18th May 2020, Kathmandu
Multiple Supercomputers across Europe have been hacked in the past few days to mine cryptocurrency. Hackers have generated a malware attack, which led to the shutting down of many supercomputers for investigating the intrusion.
The reports of security attacks emerged in the UK, Germany, and Switzerland. Besides, there is a rumor of a similar incident at a high-performance computing center in Spain.
The first attack was on Monday at the University of Edinburgh, which runs the ARCHER supercomputer. The supercomputer reportedly detected a “vulnerability in the input nodes.” The authorities had to reset their SSH password after the investigation to prevent the attack.
Likewise, five high-performance supercomputing clusters used at an organization called bwHPC (Germany) had to be shut down due to similar security intrusion.
That’s not where it ends! Security Researcher Felix von Leitner claimed in a blog post that a supercomputer in Barcelona, Spain, also faced a security issue. They had to shut it down as a result.
More security incidents surfaced on Thursday when the Leibniz Computer Center announced a malfunction. They had to disconnect a computer from the Internet.
On Saturday, German Scientist Rober Helling published an analysis of the malware that infected a supercomputer at the Faculty of Physics at the Ludwig-Maximilians University in Munich, Germany.

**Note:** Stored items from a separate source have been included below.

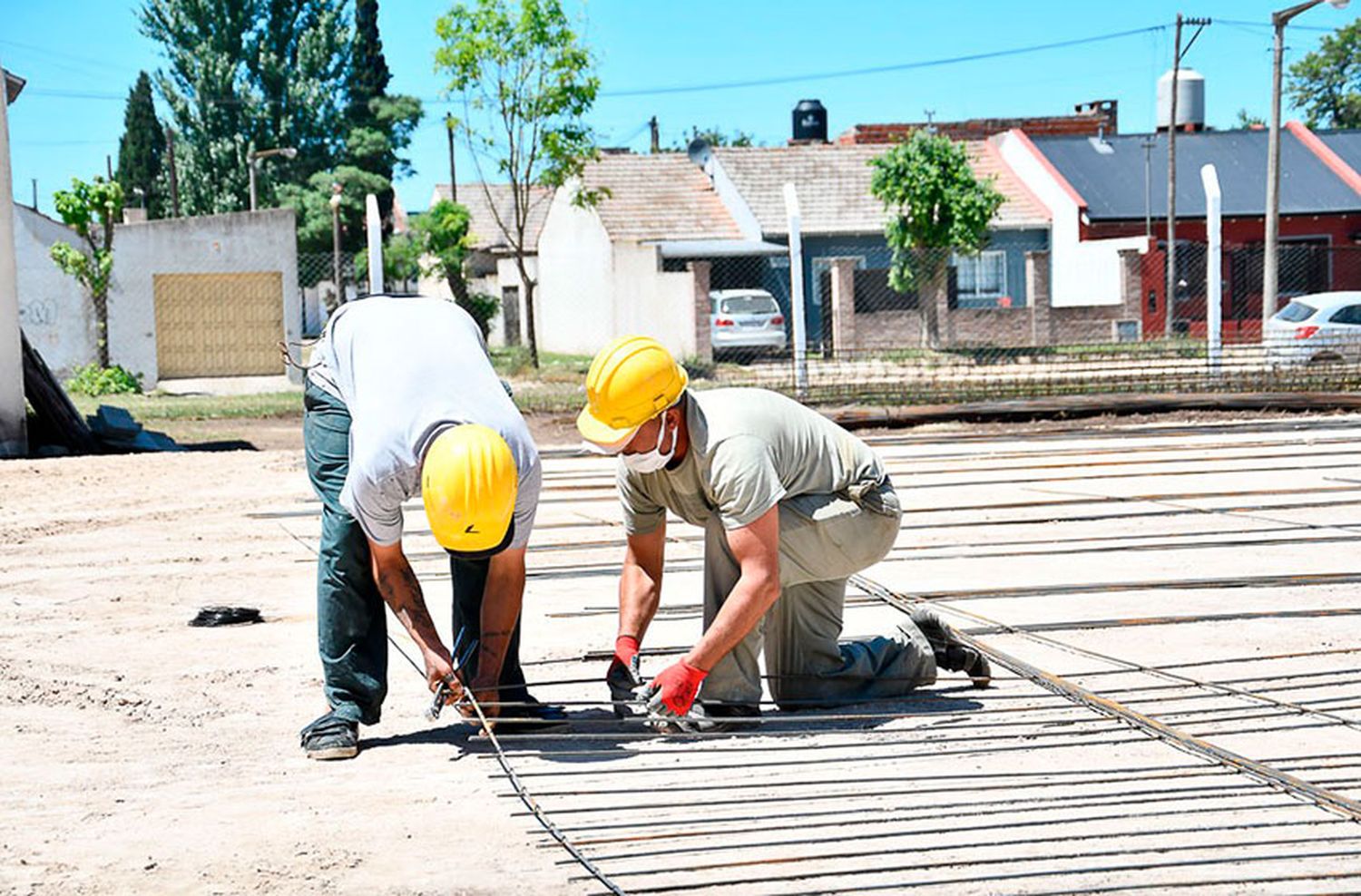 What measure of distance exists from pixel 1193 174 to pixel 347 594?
35887mm

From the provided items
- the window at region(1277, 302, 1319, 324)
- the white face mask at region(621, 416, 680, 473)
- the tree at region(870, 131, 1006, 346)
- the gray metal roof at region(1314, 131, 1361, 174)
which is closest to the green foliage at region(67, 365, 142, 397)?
the tree at region(870, 131, 1006, 346)

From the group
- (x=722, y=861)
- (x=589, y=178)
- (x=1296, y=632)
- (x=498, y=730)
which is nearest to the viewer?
(x=722, y=861)

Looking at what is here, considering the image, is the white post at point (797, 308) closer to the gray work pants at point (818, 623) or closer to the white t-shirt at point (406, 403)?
the gray work pants at point (818, 623)

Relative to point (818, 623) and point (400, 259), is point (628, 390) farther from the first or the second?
point (400, 259)

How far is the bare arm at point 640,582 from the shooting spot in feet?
16.0

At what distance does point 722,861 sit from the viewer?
359 centimetres

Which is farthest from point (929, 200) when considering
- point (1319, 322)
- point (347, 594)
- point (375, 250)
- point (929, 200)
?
point (347, 594)

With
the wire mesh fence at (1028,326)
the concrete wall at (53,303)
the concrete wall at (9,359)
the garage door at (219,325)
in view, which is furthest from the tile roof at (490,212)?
the concrete wall at (9,359)

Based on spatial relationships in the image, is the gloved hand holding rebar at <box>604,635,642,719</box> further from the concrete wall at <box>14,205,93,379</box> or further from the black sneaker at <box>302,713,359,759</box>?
the concrete wall at <box>14,205,93,379</box>

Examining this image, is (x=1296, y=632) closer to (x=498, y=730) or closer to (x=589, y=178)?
(x=498, y=730)

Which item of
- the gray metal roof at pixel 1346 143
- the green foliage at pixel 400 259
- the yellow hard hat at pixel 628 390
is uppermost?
the gray metal roof at pixel 1346 143

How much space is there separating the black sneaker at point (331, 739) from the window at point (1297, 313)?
18.9 m

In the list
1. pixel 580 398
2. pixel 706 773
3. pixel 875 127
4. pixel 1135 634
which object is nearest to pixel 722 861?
pixel 706 773

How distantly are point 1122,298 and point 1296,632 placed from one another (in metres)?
27.4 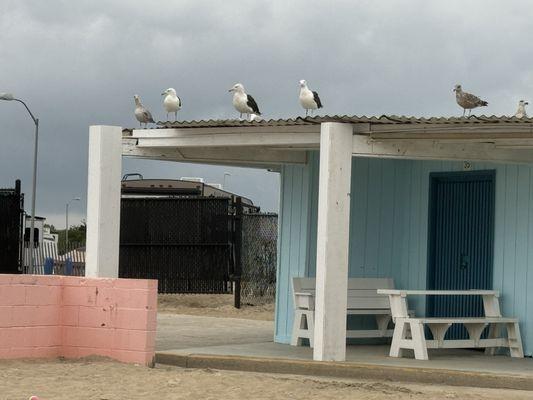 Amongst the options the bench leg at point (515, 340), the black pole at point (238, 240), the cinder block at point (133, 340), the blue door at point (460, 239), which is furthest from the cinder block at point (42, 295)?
the black pole at point (238, 240)

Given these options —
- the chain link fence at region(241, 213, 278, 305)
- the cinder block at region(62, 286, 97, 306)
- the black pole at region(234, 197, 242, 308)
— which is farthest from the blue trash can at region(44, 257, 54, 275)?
the cinder block at region(62, 286, 97, 306)

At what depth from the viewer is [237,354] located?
50.5 feet

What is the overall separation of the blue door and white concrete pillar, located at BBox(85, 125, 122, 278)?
14.2 feet

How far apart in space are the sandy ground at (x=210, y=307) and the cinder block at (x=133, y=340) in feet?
35.8

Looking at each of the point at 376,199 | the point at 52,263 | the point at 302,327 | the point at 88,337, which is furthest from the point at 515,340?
the point at 52,263

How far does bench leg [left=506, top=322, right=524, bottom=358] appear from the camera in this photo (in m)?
15.9

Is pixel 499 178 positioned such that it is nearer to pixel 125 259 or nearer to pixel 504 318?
pixel 504 318

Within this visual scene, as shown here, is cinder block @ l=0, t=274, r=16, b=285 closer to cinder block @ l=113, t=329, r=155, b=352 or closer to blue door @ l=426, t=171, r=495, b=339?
cinder block @ l=113, t=329, r=155, b=352

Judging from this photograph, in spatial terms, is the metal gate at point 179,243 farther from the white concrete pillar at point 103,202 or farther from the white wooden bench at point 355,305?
the white concrete pillar at point 103,202

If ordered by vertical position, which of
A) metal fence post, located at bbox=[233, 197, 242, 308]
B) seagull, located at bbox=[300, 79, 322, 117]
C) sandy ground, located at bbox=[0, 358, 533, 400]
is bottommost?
sandy ground, located at bbox=[0, 358, 533, 400]

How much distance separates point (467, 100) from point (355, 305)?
3.13 meters

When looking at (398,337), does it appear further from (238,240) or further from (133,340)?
(238,240)

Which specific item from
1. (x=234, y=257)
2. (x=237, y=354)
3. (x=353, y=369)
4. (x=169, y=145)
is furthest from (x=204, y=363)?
(x=234, y=257)

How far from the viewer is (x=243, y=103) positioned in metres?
17.0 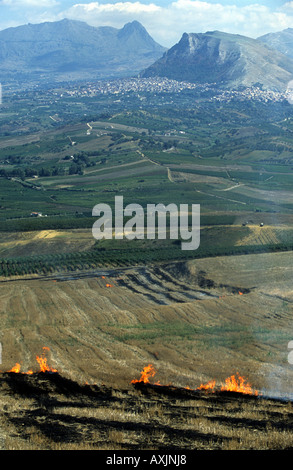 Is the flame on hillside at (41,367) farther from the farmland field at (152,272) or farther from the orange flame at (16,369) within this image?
the farmland field at (152,272)

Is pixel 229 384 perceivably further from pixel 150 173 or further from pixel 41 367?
pixel 150 173

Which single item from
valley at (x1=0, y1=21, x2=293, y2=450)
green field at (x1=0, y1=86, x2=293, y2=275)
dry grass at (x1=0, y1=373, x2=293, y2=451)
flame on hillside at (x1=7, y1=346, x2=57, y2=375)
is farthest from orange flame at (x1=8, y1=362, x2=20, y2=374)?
green field at (x1=0, y1=86, x2=293, y2=275)

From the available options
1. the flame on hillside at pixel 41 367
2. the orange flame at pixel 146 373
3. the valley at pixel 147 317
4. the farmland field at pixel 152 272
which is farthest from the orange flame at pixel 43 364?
the orange flame at pixel 146 373

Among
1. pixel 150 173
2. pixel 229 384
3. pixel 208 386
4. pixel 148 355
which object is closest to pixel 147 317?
pixel 148 355

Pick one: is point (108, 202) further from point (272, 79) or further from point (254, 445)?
point (272, 79)

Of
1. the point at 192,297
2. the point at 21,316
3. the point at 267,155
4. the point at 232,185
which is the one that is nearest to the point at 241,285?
the point at 192,297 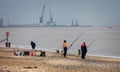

Compromisation of SSH Logins
The malware samples led Cado Security, a US-based cybersecurity firm, to conclude that attackers gained access to the supercomputers via compromised SSH credentials. The compromised SSH logins belonged to universities in Canada, China, and Poland.
Cado Security told ZDNet that they had no official evidence to confirm the involvement of the same group behind all the intrusions. According to an analysis by Chris Doman, Co-Founder of Cado Security, the attackers exploited a vulnerability to gain root access to deploy the application that mined the Monero (XMR) cryptocurrency.
Unfortunately, these supercomputers were prioritizing research on the COVID-19 outbreak. This means that these security intrusions most likely hampered the investigation.